Appendix G — Historical Notes

Linear algebra did not arrive as the clean, geometric subject you have just read. It was assembled over roughly two centuries, out of problems that did not look related: solving equations, computing determinants, understanding rotations, ranking webpages. The transformation viewpoint that organizes this book — "a matrix is a function that transforms space" — is, historically, one of the last ideas to crystallize, not the first. What follows is a narrative of how the pieces came together, in roughly the order the mathematics matured rather than the order we teach it.

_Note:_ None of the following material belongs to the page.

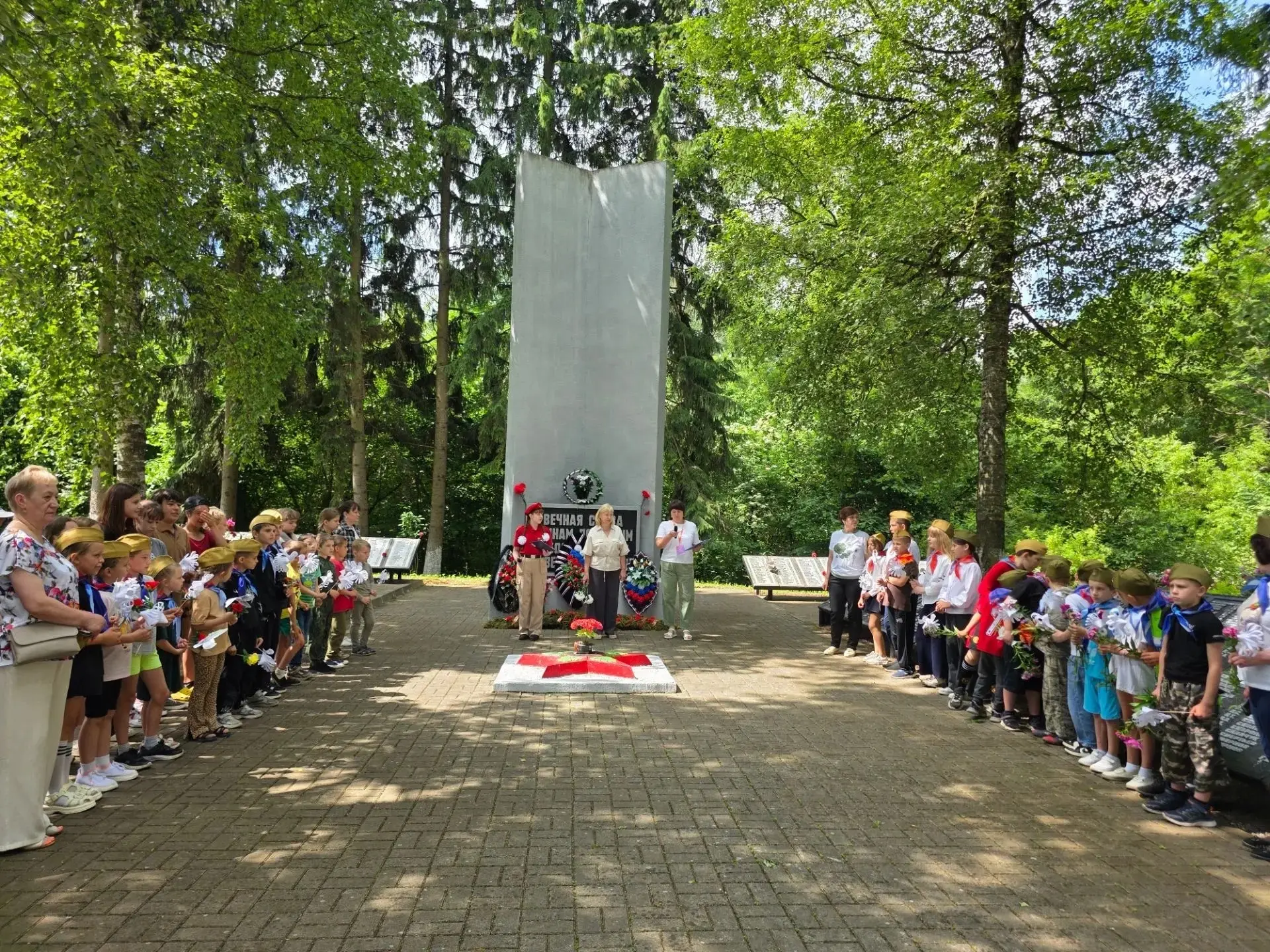 💥22 июня — День памяти и скорби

A word on the dates. The history of mathematics is genuinely contested at the edges: who "first" had an idea, when a notation was "invented," and what a long-dead mathematician "really meant" are often matters of scholarly debate. Where a date or attribution is the standard textbook account but I cannot vouch for it with confidence, I mark it [verify]. Treat those flags as honest uncertainty, not decoration.

G.1 Elimination before matrices: China, Newton, and Gauss

The oldest idea in this book is also the one we teach first: systematically eliminating unknowns from a system of linear equations. A version of it appears in the Chinese text Jiuzhang Suanshu (The Nine Chapters on the Mathematical Art), whose eighth chapter solves systems by an array-and-elimination procedure essentially identical to modern row reduction — and which predates the European treatment by well over a thousand years (the text is usually dated to the Han dynasty, around 100 BCE–100 CE [verify]). This is worth pausing on: elimination is not a European invention, and it is far older than the word "matrix."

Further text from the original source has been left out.